I'm reminded of a New York Times profile of Beauvoir from a few years ago that called him just that -- "pope." Pitzl-Waters urges reporters to reach out to other influential figures in Haitian Vodou.
The next story to look at is this Associated Press account of the violent encounter. The report includes some perspective from the Evangelical group, which is good. The Evangelical that is quoted says that the Christians were preparing for prayer when the Vodouists "came and took over." The article describes some of the non-religious tensions that have erupted (a food convoy was attacked by 150 machete-wielding men):
Religious tension has also increased: Baptists, Catholics, Jehovah's Witnesses, Scientologists, Mormons and other missionaries have flocked to Haiti in droves since the earthquake to feed the homeless, treat the injured and jockey for souls. Some Voodoo practitioners have said they've converted to Christianity for fear they will lose out on aid or a belief that the earthquake was a warning from God.
"Much of this has to do with the aid coming in," said Max Beauvoir, a Voodoo priest and head of a Voodoo association. "Many missionaries oppose Voodoo. I hope this does not start a war of religions because many of our practitioners are being harassed now unlike any other time that I remember."
I find it fascinating that the first article begins with a call to war by Beauvoir while the second article has him saying he hopes it doesn't come to war. I'm not saying that both quotes aren't accurate but it kind of reminds you how much power a reporter has in shaping a story.

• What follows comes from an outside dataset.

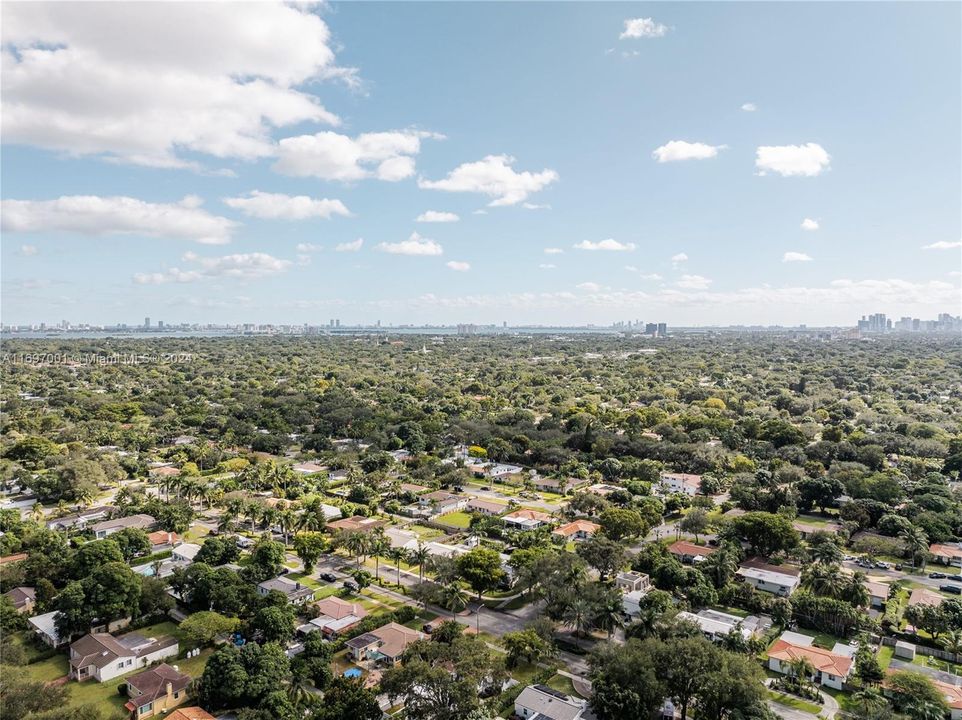 For Sale: $1,395,000 (3 beds, 2 baths, 1798 Square Feet)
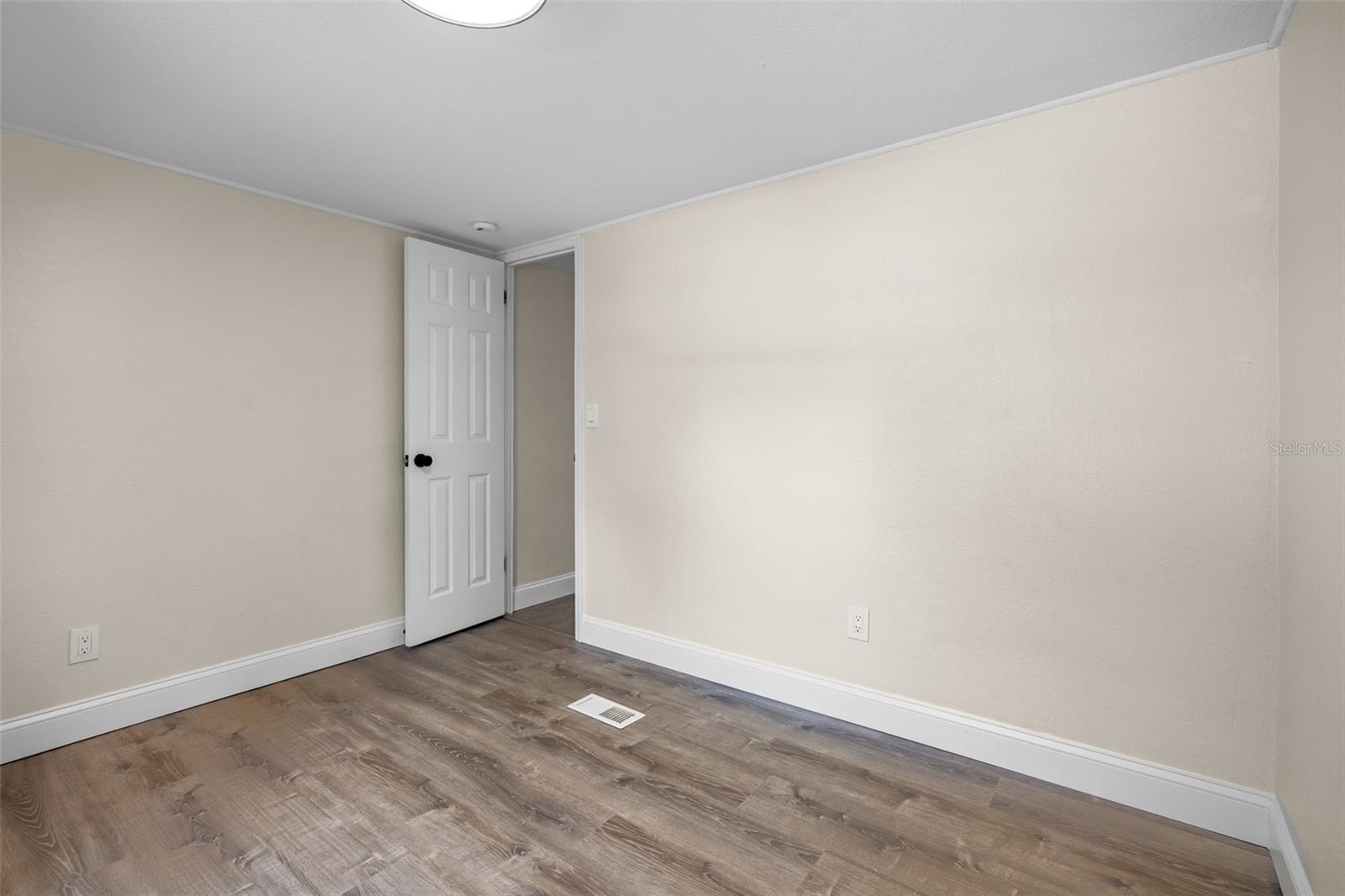 BAYNARD LEE JR 2 - Residential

As to the first paragraph, it is definitely true that Vodouists take issue with some evangelism efforts. That was true even prior to the earthquake. And it's important to get that perspective into a story. But the phrase "jockey for souls" really isn't an appropriate way to describe the evangelism efforts. Leave that loaded language for others. Assuming we're not talking about riding horses, jockeying implies trickery or clever manipulation. That's certainly not how those engaged in the evangelical work would describe what they're doing. And even if there is some manipulation going on, it's unfair to tar all relief workers and missionaries with that description. And more than that, the use of the word "jockey" is so unbelievably condescending to the Haitians. Just because people have not had all the advantages that people in an average newsroom have had doesn't mean that they're ill-equipped to consider their spiritual lives. Fact is that hardship can be a great crucible for focusing on the higher things.
Perhaps the best report I read on the violent conflict was actually a captioned series of photos from Getty Images. It certainly doesn't tell the whole story but it shows the strong emotions on various sides of the event. One of the images is pictured above.
You may also be interested in this Samuel Freedman piece that ran in a recent New York Times. He begins by noting Pat Robertson's comments about Vodou in the aftermath of the earthquake:
Crude and harsh as Mr. Robertson's words were, he deserved a perverse kind of credit for one thing. He actually did recognize the centrality of voodoo to Haiti. In the voluminous media coverage of the quake and its aftermath, relatively few journalists and commentators have done so, and even fewer have gotten voodoo right.
Freedman seems to think that any and all criticism of Vodou or its teachings is inappropriate and on its face false. However, the piece is written as a column and not a news article. For my part, I think religious groups can handle and respond to critical views and don't need protection from that dialogue. Still, Freedman's essay includes top-notch media analysis. You'll want to read it.